Top of DATASET EXCERPT
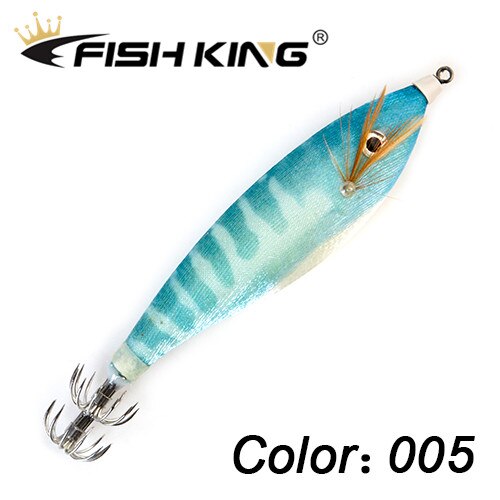 Fiske drag bläckfisk krok 9cm 16g självlysande wobblers jigging ocean bläckfisk bläckfisk trä räkor hårda beten 3d ögon jiggar: 005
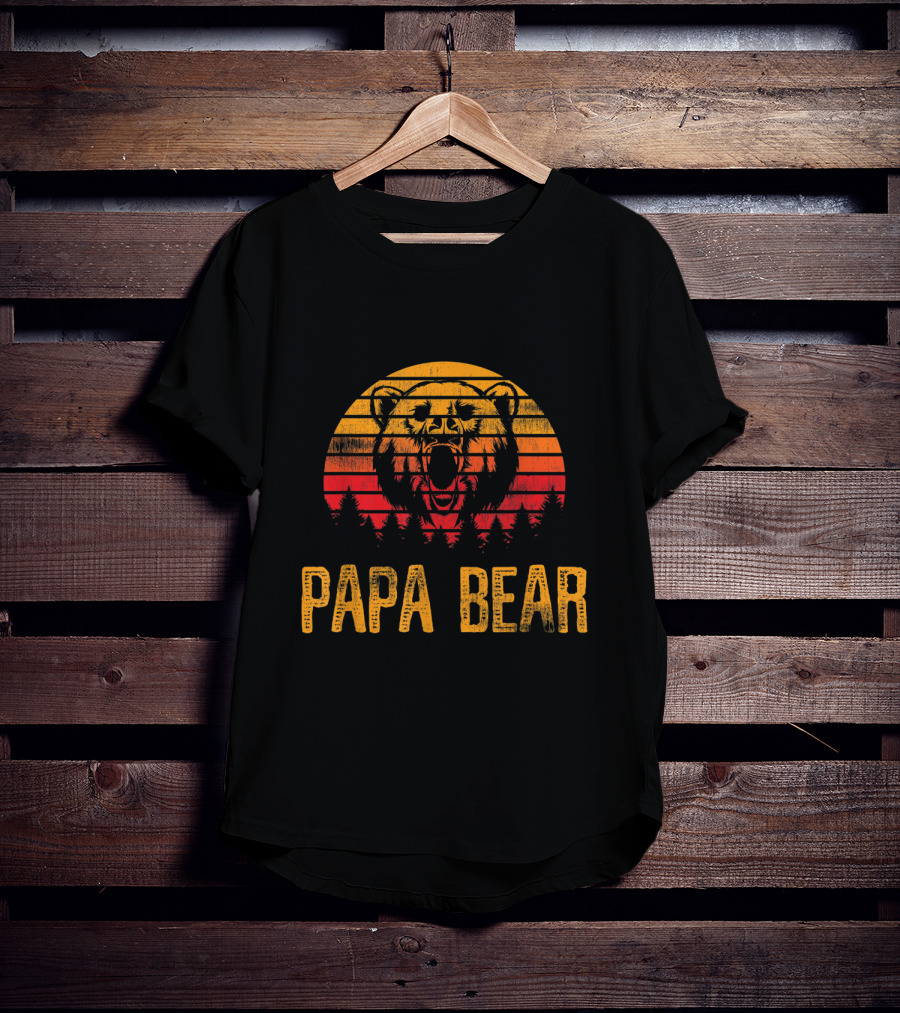 Papa Bear Roaring Sunset Forest T-Shirt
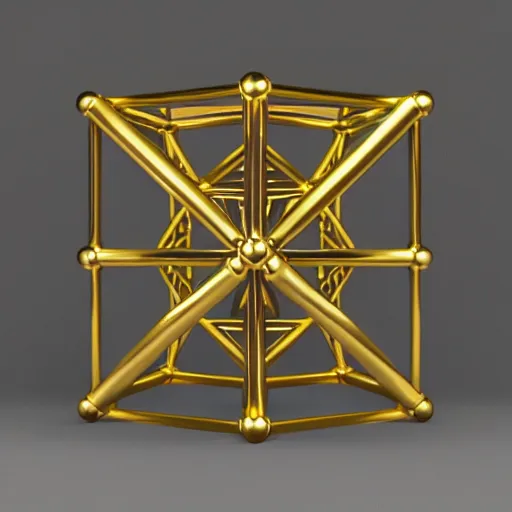 Prompt: 3D render of a 4D tesseract. chrome and brass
Bottom of DATASET EXCERPT
**INSTRUCTIONS FOR THE TASK:** Omit pictures and output the listing exactly.

**ANSWER FOR THIS EXERCISE:**
 Fiske drag bläckfisk krok 9cm 16g självlysande wobblers jigging ocean bläckfisk bläckfisk trä räkor hårda beten 3d ögon jiggar: 005
 Papa Bear Roaring Sunset Forest T-Shirt
 Prompt: 3D render of a 4D tesseract. chrome and brass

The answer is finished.